We should recognize a distinction between intellectual and manual work, but at the same time understand them as poles of a continuum, with no separation of the two and with most work existing somewhere between the poles. No one can repair a furnace or farm a field or drive a truck without thinking. At the same time, writing a work of metaphysics involves, quite literally, manual activity. Although working with a computer is certainly less physically arduous than picking up hay bales or cement blocks with one’s hands, it can lead to “repetitive strain injury.” And, compared to watching a film or a football game, reading one more chapter or writing one more page at the end of a long day certainly seems like labor. Although reading and writing are often pleasurable, they require effort and can lead to mental fatigue. The domains of “intellectual” and “work” are not mutually exclusive. While some kinds of work are more intellectual than others, all human work is to some degree intellectual. As Smith and McBrien make the point, “To make manual labor specifically distinct from intellectual labor by reducing it to a mere mechanical exercise is to cease to consider it as human.”21

Rather than distinguishing various kinds of work with dichotomies such as intellectual and manual, or liberal and servile, it would be more helpful to distinguish them in terms of the different intellectual virtues. Wisdom, understanding, and science are virtues of the speculative intellect. The liberal arts involve these virtues. Art and prudence are virtues of the practical intellect. Workers who make things exercise the virtue of art. Public servants, lawyers, and administrators exercise the virtue of prudence. Different kinds of work involve different intellectual virtues. But all work involves the intellect.
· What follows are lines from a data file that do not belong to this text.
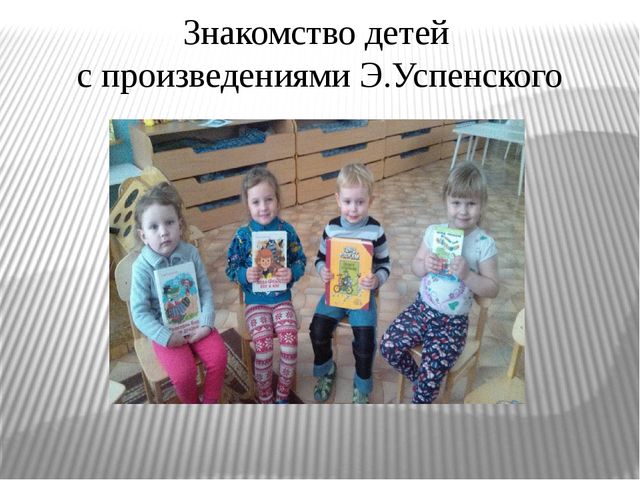 «Добрые сказки Эдуарда Успенского»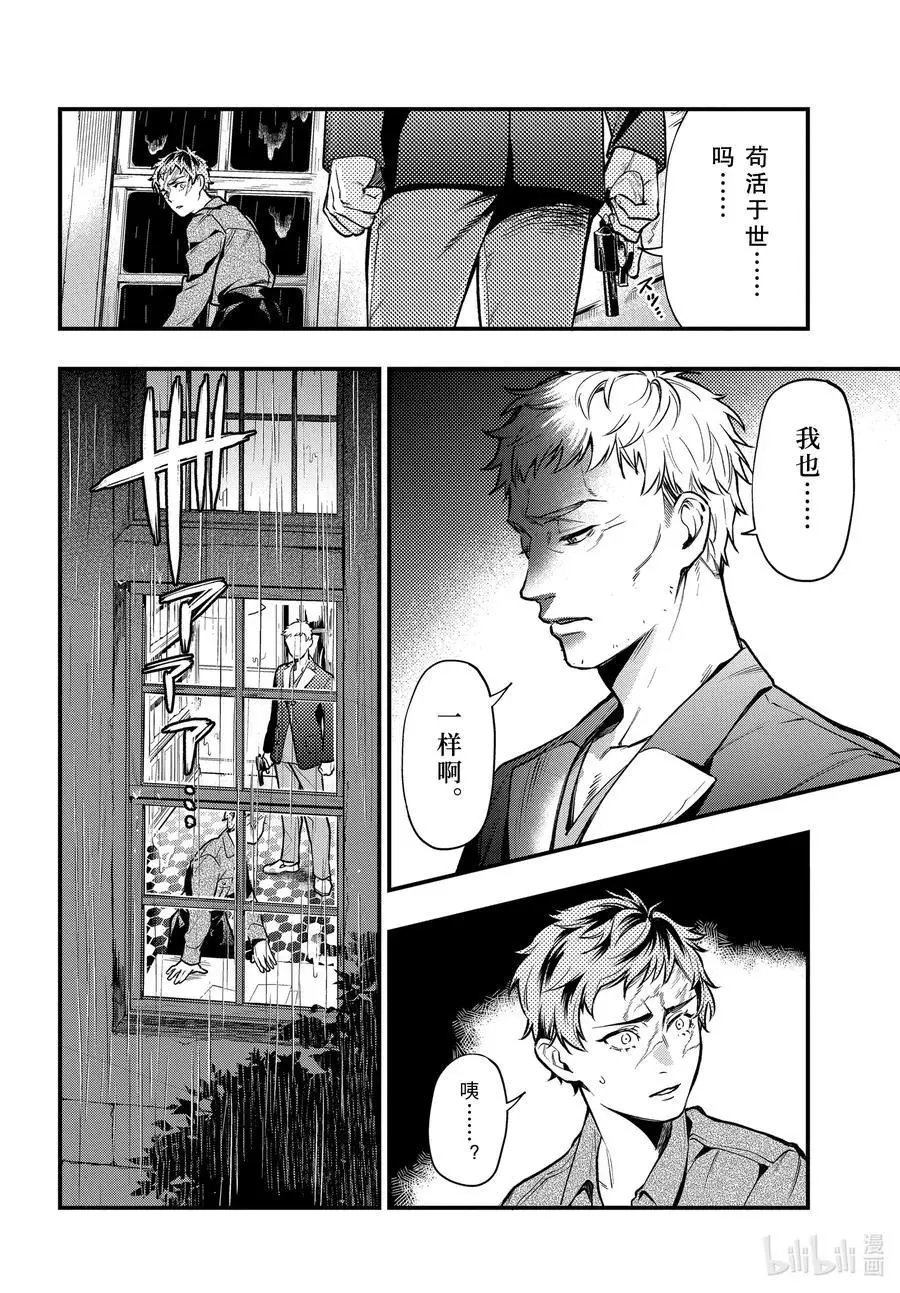 第175话 那位执事，同情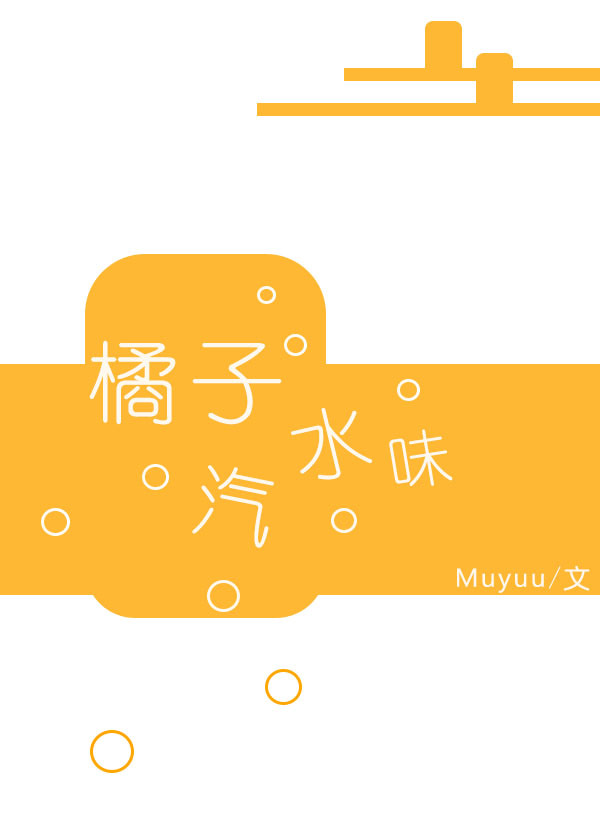 無敵神醫李東周雪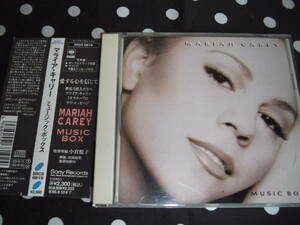 マライア・キャリー　”ミュージック・ボックス”　CD　SRCS6819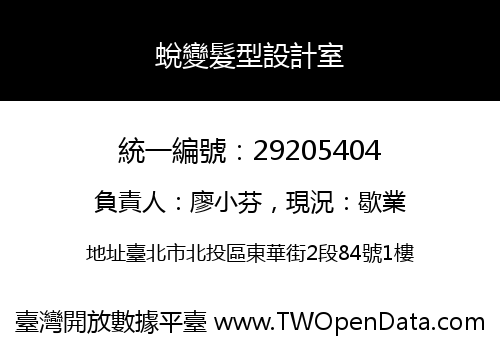 蛻變髮型設計室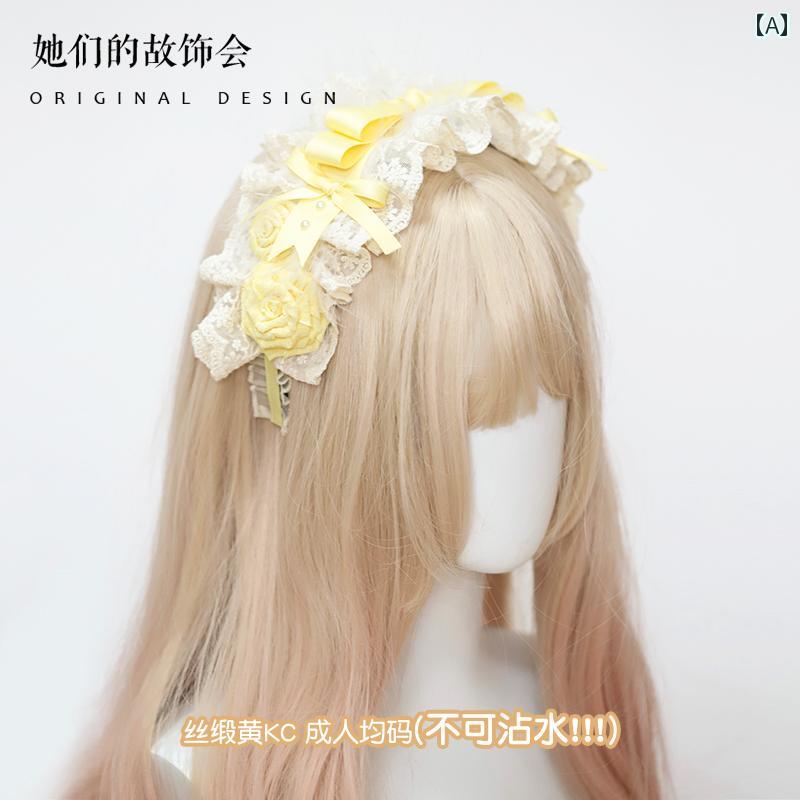 ヘアアクセサリー レディース 女の子 ロリータ コスプレ かわいい イエロー サテン バレエ 小さめ 統合 フラワー ピル ブローチ ソフト フェザー リボン フラット ハット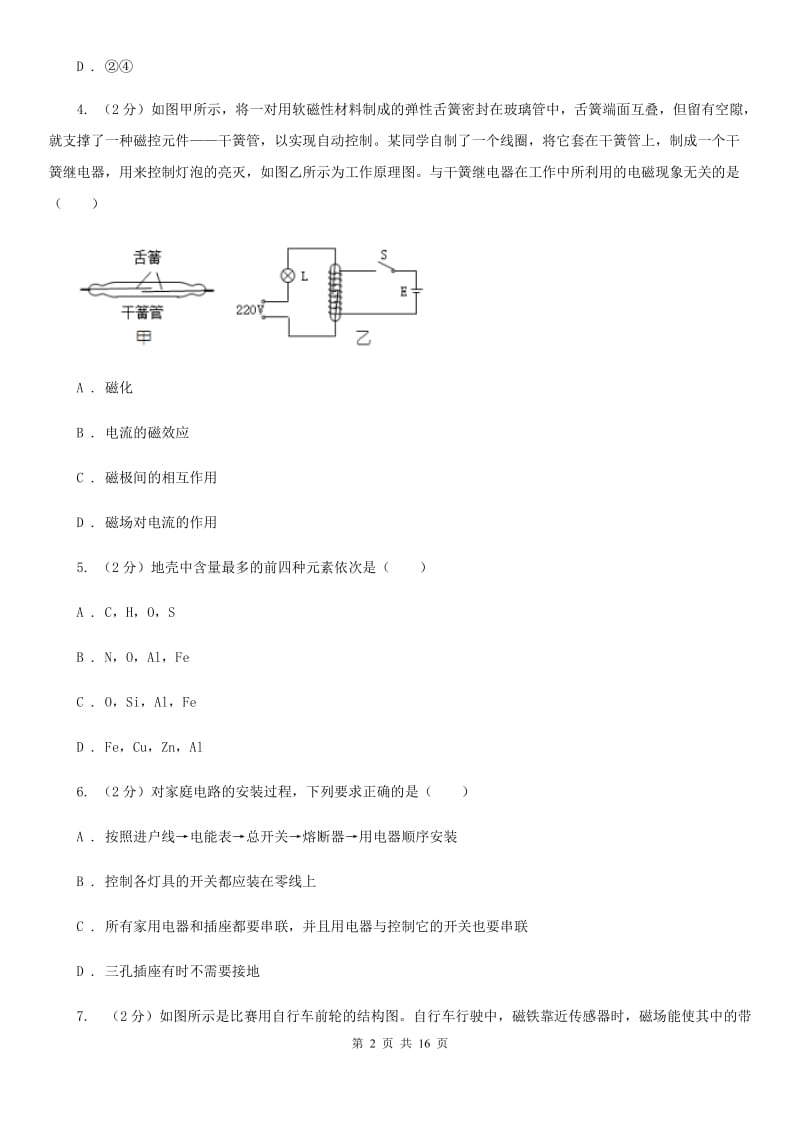 沪科版2019-2020学年八年级下学期科学期中考试试卷（II）卷.doc_第2页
The distinction between the speculative intellect and the practical intellect corresponds to the distinction between the contemplative life and the active life. It does not, however, correspond to the distinction between rest and work. St. Thomas Aquinas, O.P. argues that contemplation does not consist in rest: “It is true that contemplation enjoys rest from external movements. Nevertheless, to contemplate is itself a movement of the intellect.”22

The work of an academic – research, teaching, administrative service – is a mixture of contemplation and action. Research is more contemplative, service more active. Aquinas explains that teaching is both contemplative and active:

The act of teaching has a twofold object. For teaching is conveyed by speech, and speech is the audible sign of the interior concept. Accordingly one object of teaching is the matter or object of the interior concept; and as to this object teaching belongs sometimes to the active, sometimes to the contemplative life. It belongs to the active life, when a man conceives a truth inwardly, so as to be directed thereby in his outward action; but it belongs to the contemplative life when a man conceives an intelligible truth, in the consideration and love whereof he delights.... The other object of teaching is on the part of the speech heard, and thus the object of teaching is the hearer. As to this object all doctrine belongs to the active life to which external actions pertain.23

Aquinas also comments on the relationship between the contemplative and active lives. The active life hinders the contemplative life in one respect, but is conducive to the contemplative life in another respect:

The active life may be considered from two points of view. First, as regards the attention to and practice of external works: and thus it is evident that the active life hinders the contemplative, in so far as it is impossible for one to be busy with external action, and at the same time give oneself to Divine contemplation. Secondly, active life may be considered as quieting and directing the internal passions of the soul; and from this point of view the active life is a help to the contemplative, since the latter is hindered by the inordinateness of the internal passions.24

Smith and McBrien explain that, because manual labor is both intellectual and manual, it has both subjective and objective meaning: “In manual labor there is a twofold activity: the immanent action of the mind and the transient action of the body directed by the mind. Man is perfected through the intellectual operation. The object is perfected through the transient activity of the worker.”25 Because work is intellectual, we can become virtuous through our work.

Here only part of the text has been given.